Do I know what I can’t/don’t comprehend, or am I just content to be boggled and grateful that I can comprehend what little I do? What will comprehension do for me that gratitude has not? Why do I insist on gaining ground at every point, and arriving at a satisfying conclusion?
Why can’t this business be on demand rather than constant?
Are we utterly saturated with egoic self? Is it with us (in us, us) 24/7, sometimes in the foreground, sometimes lurking? Is selflessness possible? Some say it is, but why should we believe them, they’re humans and the human mind can convince itself (and try to convince others) of almost anything.
We can’t imagine selflessness, but we can acknowledge and bear witness to our self-centered activity and how it defines us.
What it comes down to is discontent. Most people are content to be the self-centered beings they are, laughing at or revering the idea of selflessness, never taking it seriously.
No clue! I only know what it feels like to be something. (Well, mostly, I might have caught a glimpse of being nothing or at least nothing-ish. And, yes, it was lovely. But not so lovely that I’d want to live there, visits are more my style. You?)
I don’t know if I’ve ever been there. Would I remember if I had? Could I trust my memory of the experience?
If selflessness is ongoing freedom, a stream of consciousness that can only be utilized by selfless intent (practical thought), and is never polluted by psychological thought, what have I got against it? How do I justify my polluting and damning and diverting of the stream?
I can conclude that talk of selflessness is hogwash and wishful thinking, and carry on with my good enough existence until I’m dead, or I can inquire into whether it may be possible to be free…before I’m dead.
I don’t think it follows that 1) being unconscious of some of the things that make me click means 2) time I spend with Krishnamurti’s teachings is wasted time. But it does complicate things.
Could it be that you want to be unreachable, beyond most of us?
I know the feeling. I don’t want the labels I’m given or the images that are formed of me, but I can’t do much about them. If I’m misunderstood or mistaken for something I am not, I may do what I can to correct or bring clarity, or I may decide it’s not worth the energy.
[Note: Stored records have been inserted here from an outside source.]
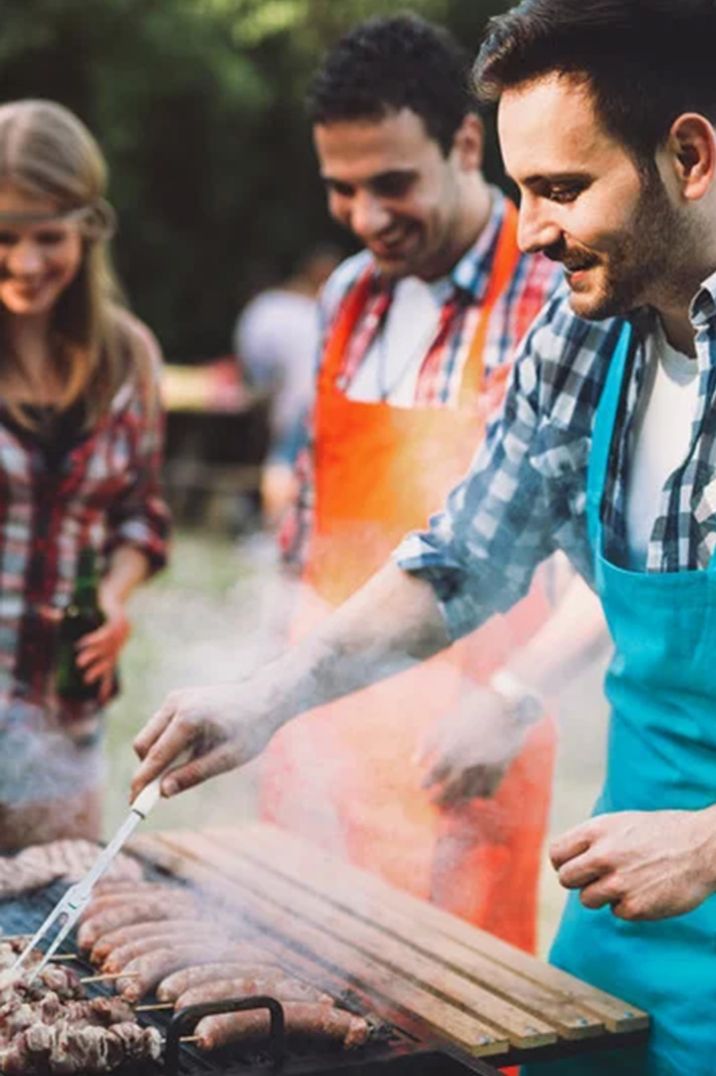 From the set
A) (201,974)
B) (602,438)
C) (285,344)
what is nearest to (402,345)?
(602,438)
Well the way I see it is that we each have a ‘personal reality’. To some degree all living things have one but in humans this ‘reality ‘ in our brains is much more complex than in any of the other forms of life. It’s made up of memory.
But apart from all these separate ‘realities’ there is an ‘actual’ reality, the physical reality that includes everything. The entire physical universe. This is the realm of energy and it’s interplay. In this realm there is no ‘I ‘, no actual division. This is the realm of ‘mystery’ and whatever lies ‘beyond’ it. This what we are present in.